Empfundene Raumtemperatur

Eine zentrale Bewertungsgröße der thermischen Behaglichkeit ist die empfundene Raumtemperatur oder auch „operative Temperatur“.
Diese Größe beinhaltet den Einfluss der örtlichen Umschließungsflächentemperatur und der örtlichen Lufttemperatur. Für eine genaue Berechnung sei auf die DIN EN ISO 7730:2003 [5] verwiesen. Vereinfacht lässt sich die empfundene Temperatur als Mittelwert zwischen der örtlichen Strahlungstemperatur und der Lufttemperatur beschreiben. Daraus folgt, dass sich eine unbefriedigende Raumtemperatur durch eine entsprechende Änderung der Oberflächentemperatur kompensieren lässt (vgl. DIN EN ISO 7730:2003). Zur Erzielung von Komfort ist dies jedoch nur innerhalb von bestimmten Grenzen möglich.

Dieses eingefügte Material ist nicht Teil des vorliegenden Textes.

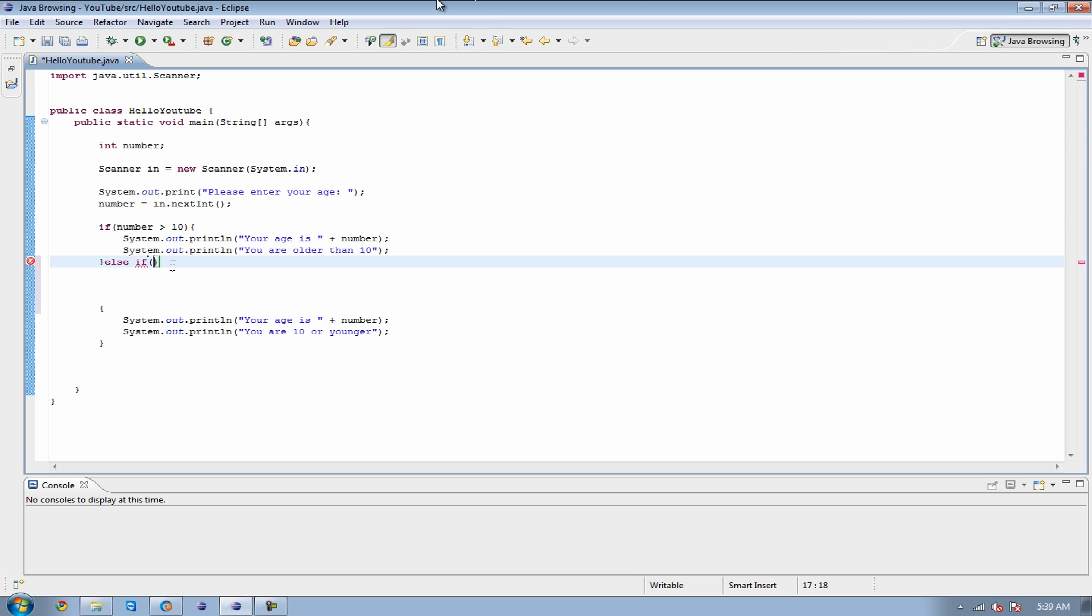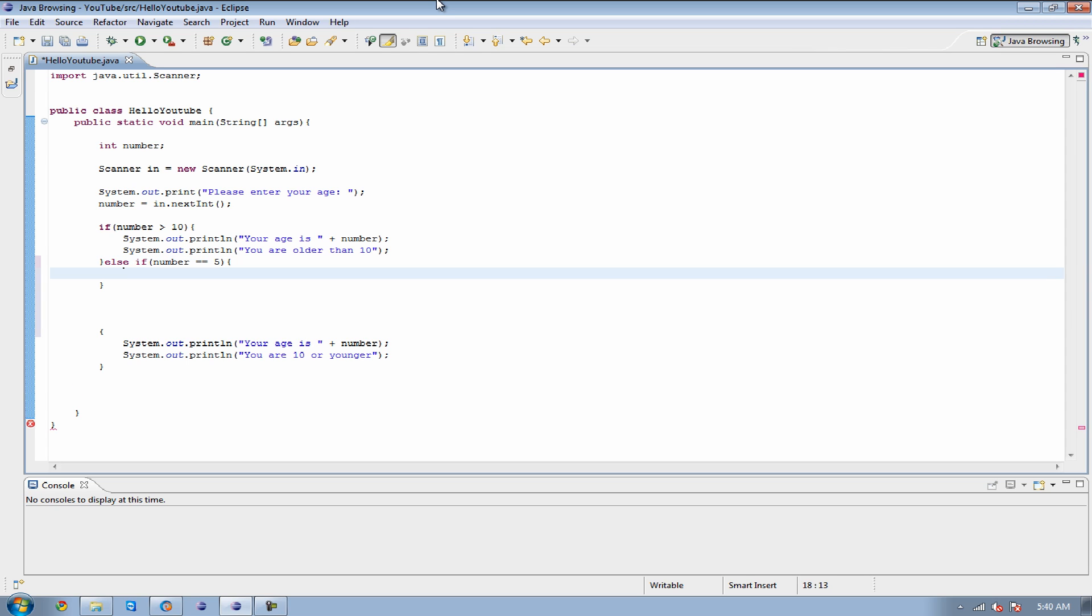And what I'm going to do is I'm going to actually set it as a number. So we're going to check to see if the number is going to be equal. Notice how I have two equal signs, because we're checking to make sure they're equal to each other. If the number is going to be equal to 5, and if the number is equal to 5, then what we're going to do is we're going to say, you are awesome.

Die DIN 1946-2:1994-01 gibt Empfehlungen für die empfundene Temperatur in Abhängigkeit der Außentemperatur. Im Heizfall ist bei Verwendung von Quellluftsystemen im bodennahen Bereich eine Temperatur von 20 bis 22°C zugelassen. Im Sommerfall sind Temperaturen von 25 bzw. 26°C zugelassen, die bei hohen sommerlichen Außentemperaturen und kurzfristig auftretenden hohen inneren Wärmelasten sind höhere Werte der empfundenen Temperatur annehmen dürfen. Das Maximum der empfundenen Temperatur ist mit 27°C bei 32°C Außentemperatur definiert. Für noch höhere Außentemperaturen macht DIN 1946-2 leider keine Aussage.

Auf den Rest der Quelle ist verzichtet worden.